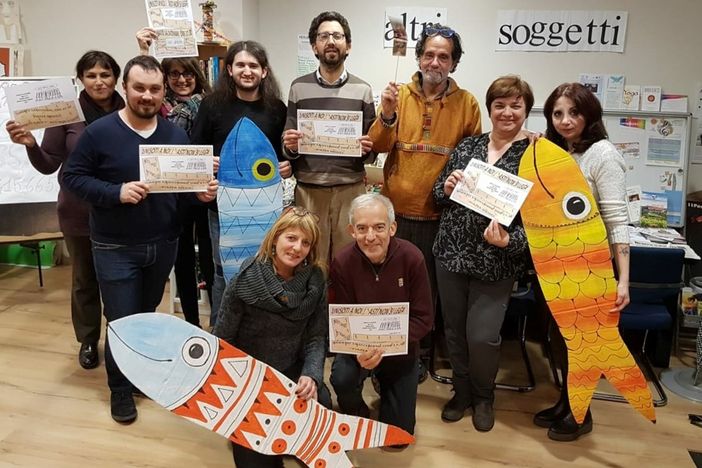 Riunione operativa per il gruppo di coordinamento delle Sardine astigiane (immagine, come le altre presenti in questo articolo, tratta dal gruppo FB del movimento astigiano) Riunione operativa per il gruppo di coordinamento delle Sardine astigiane (immagine, come le altre presenti in questo articolo, tratta dal gruppo FB del movimento astigiano)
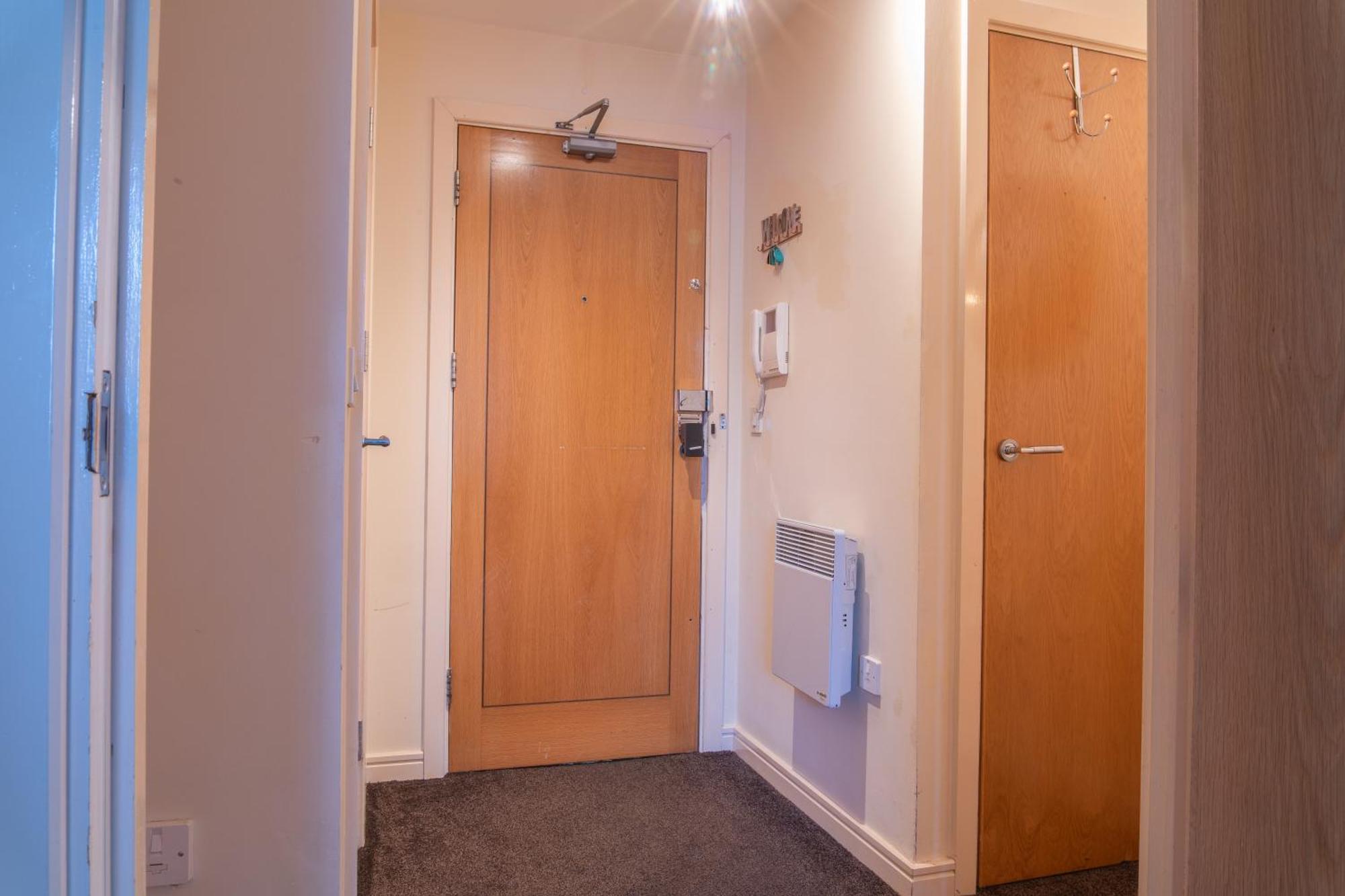 Stay In Our Stylish Flat! & Secure Building & Sleeps Up To 4 Birmingham Zewnętrze zdjęcie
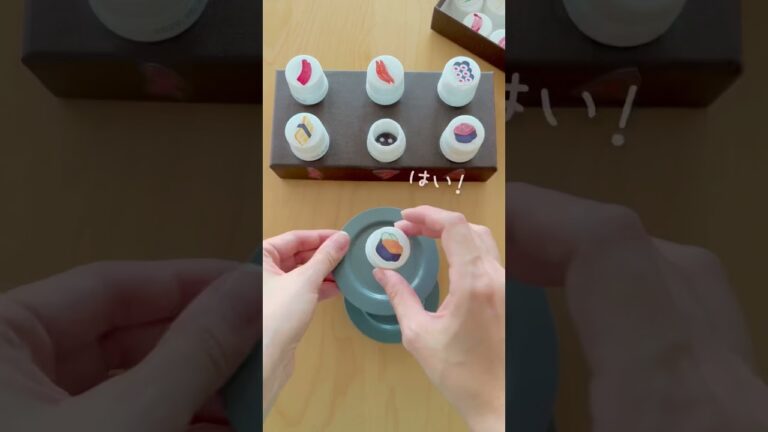 簡単に作れる！ペットボトルキャップで回るお寿司屋さん！コレが本当の回転寿司…回す練習にもオススメ♪指先知育に◎ #知育 #手作りおもちゃ #リメイク #ペットボトル工作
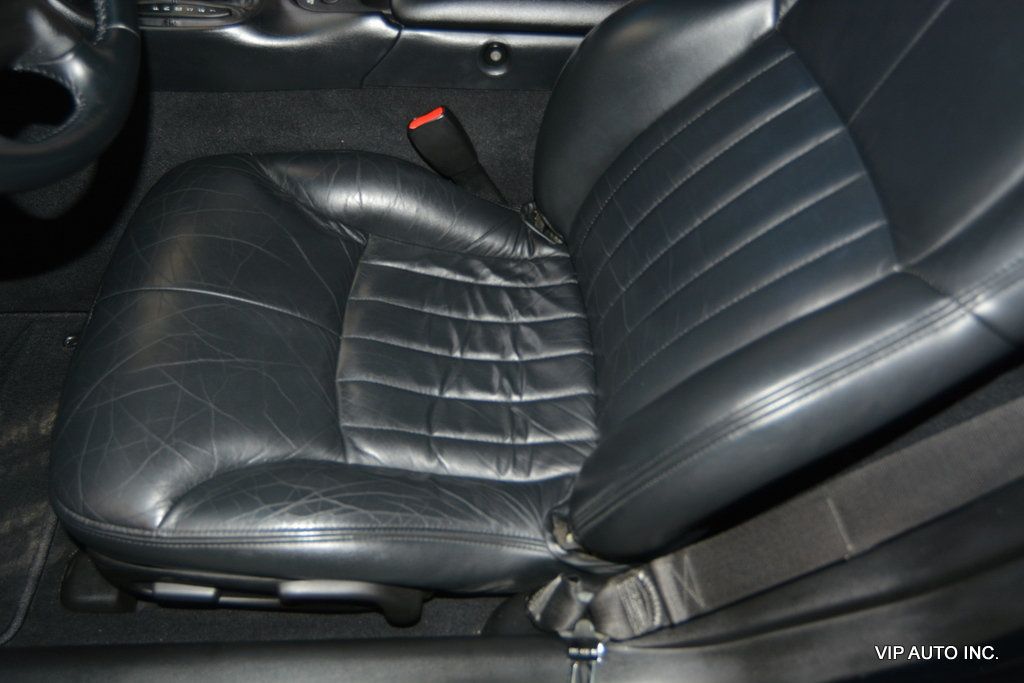 2001 Chevrolet Corvette 2dr Coupe - 22960730 - 14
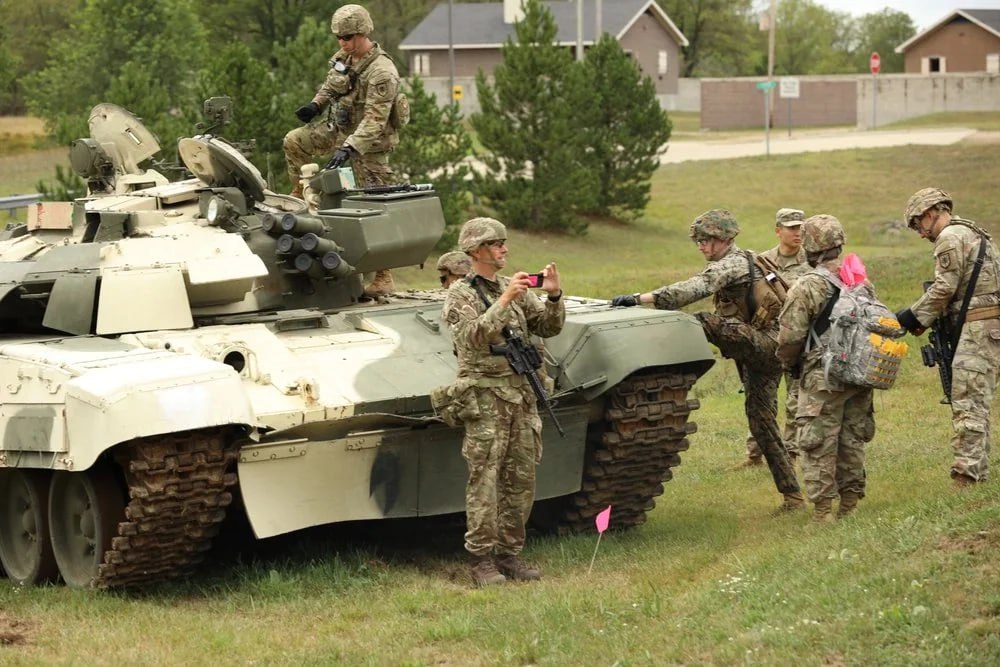 US examines upgraded T-72 tank developed by Ukraine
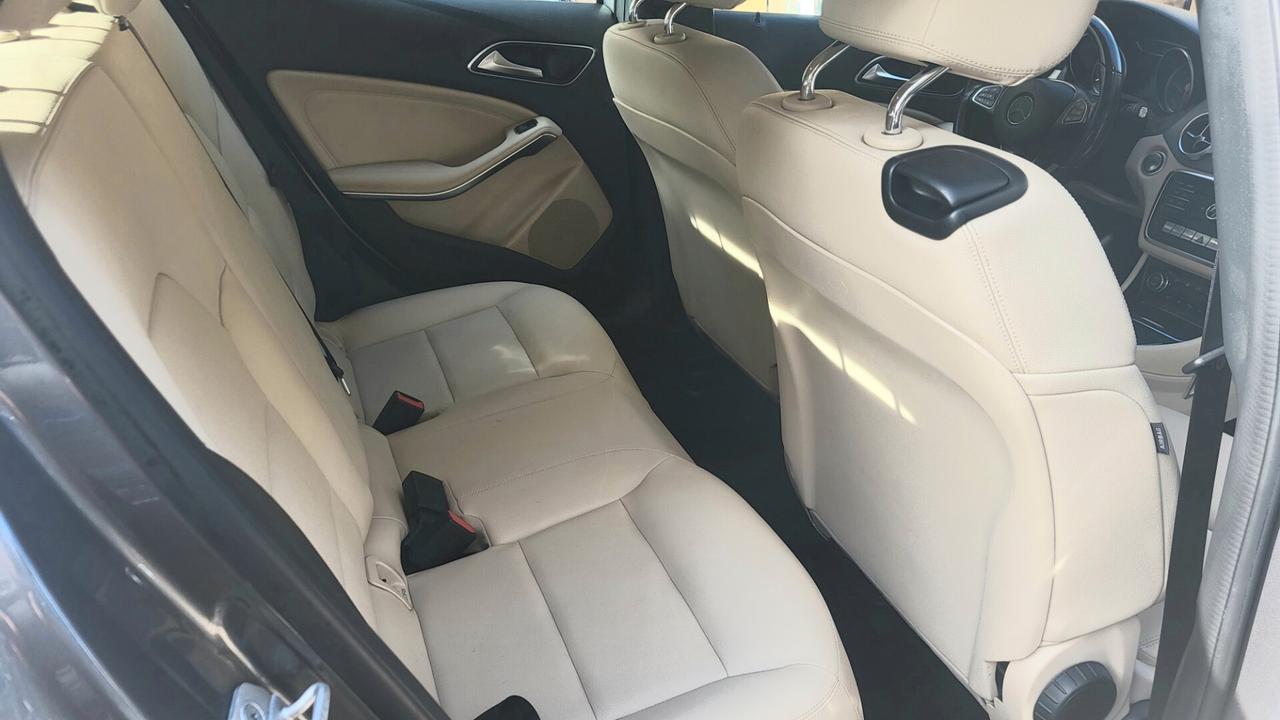 Mercedes-benz GLA 200 d Automatic Sport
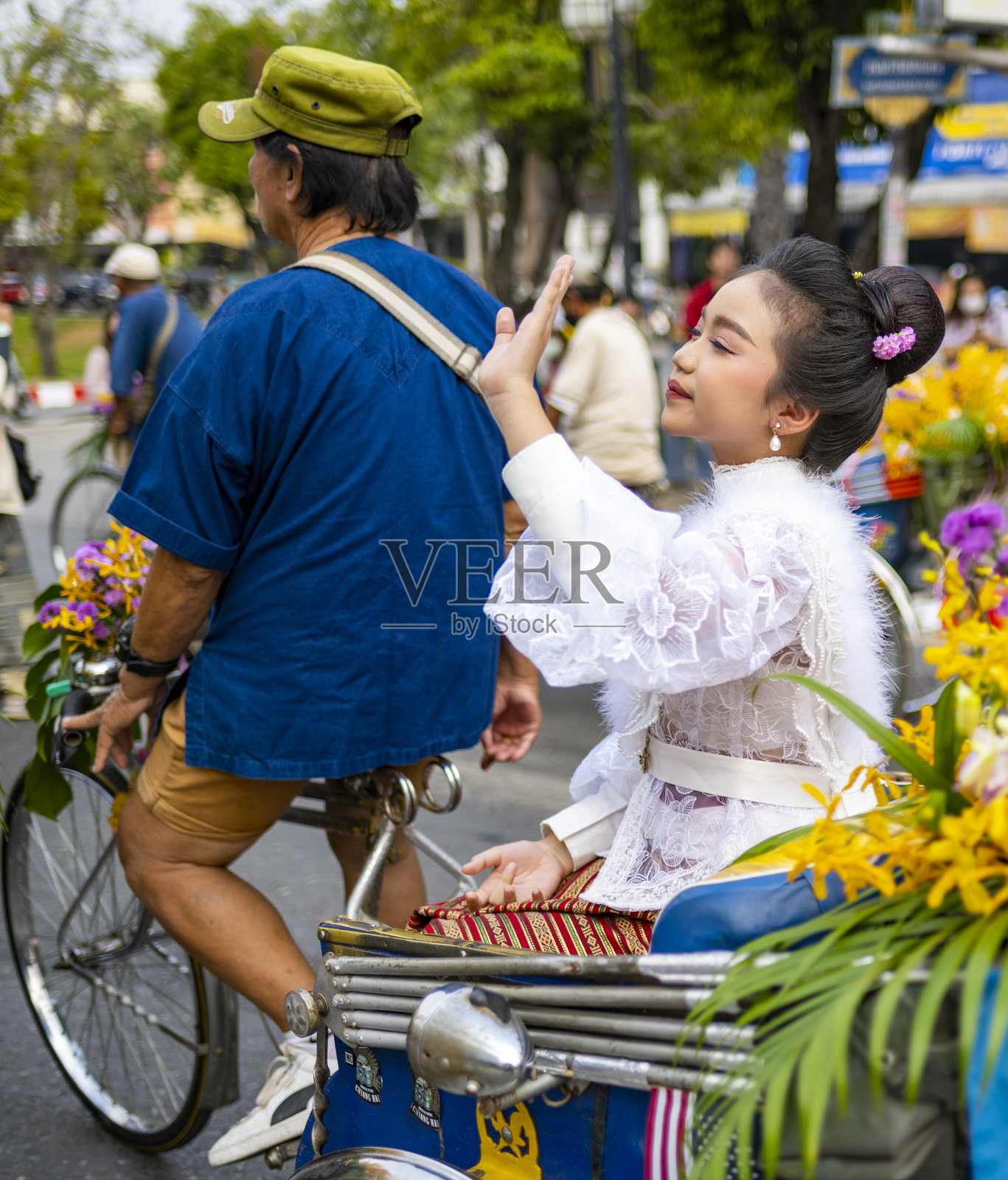 清迈花卉节2025，热闹的游行穿过城市街道。照片摄影图片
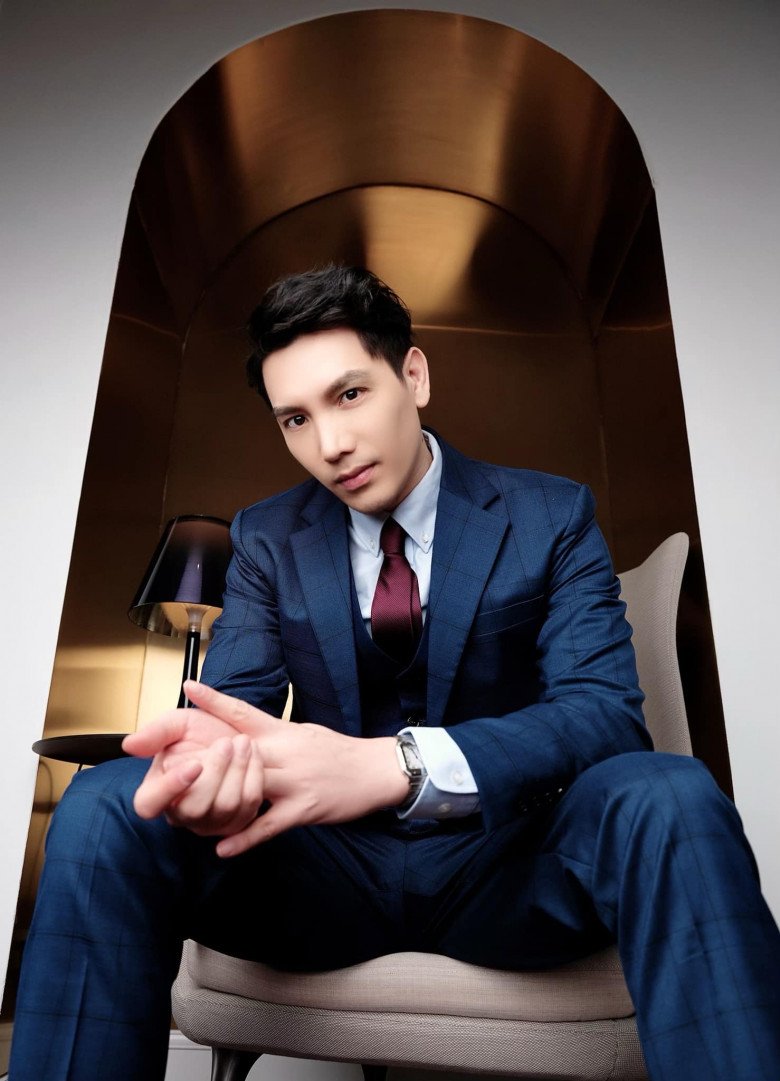 img srchttps://cdn.eva.vn/upload/3-2023/images/2023-09-20/ca-map-moi-dien-trai-tot-nghiep-dh-harvard-da-tai-song-trong-biet-thu-1000m2-nhu-co-tich-bao-nguoi-m-356632556_10159800669407636_6412641710328485255_n-1695199041-890-width780height1226.jpg width660 /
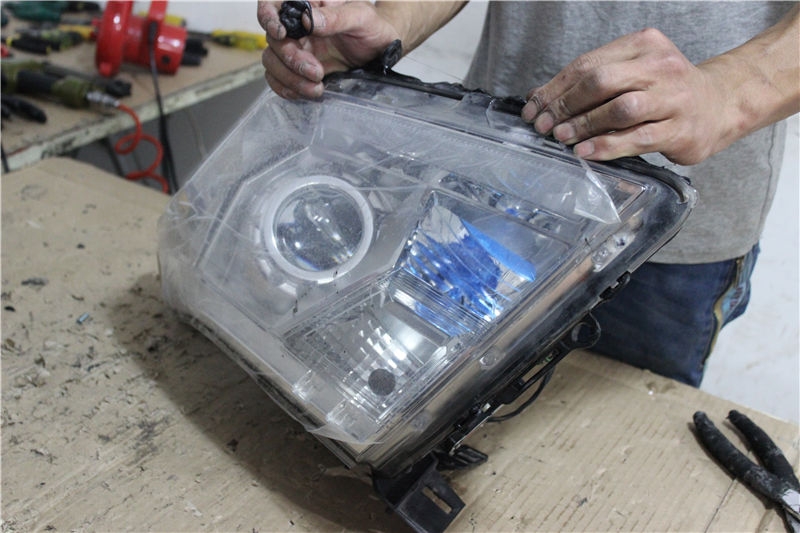 凯迪拉克SRX改装车灯升级全新海拉五透镜配顶级豪华欧司朗CBI氙灯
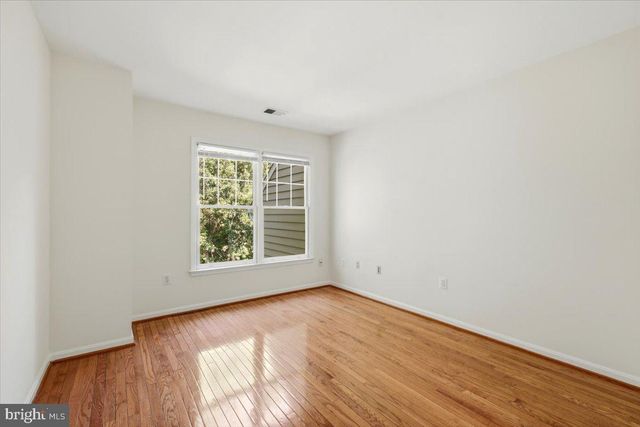 1213 WEATHERSTONE CT, Reston, VA 20194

++++

Your assignment: Exactly the lines above from the one that contains "US examines upgraded" down to the one that contains "清迈花卉节2025，热闹的游行穿过城市街道。照片摄影图片" are to be output, both ends kept and pictures omitted.

Output of the exercise:
 US examines upgraded T-72 tank developed by Ukraine
 Mercedes-benz GLA 200 d Automatic Sport
 清迈花卉节2025，热闹的游行穿过城市街道。照片摄影图片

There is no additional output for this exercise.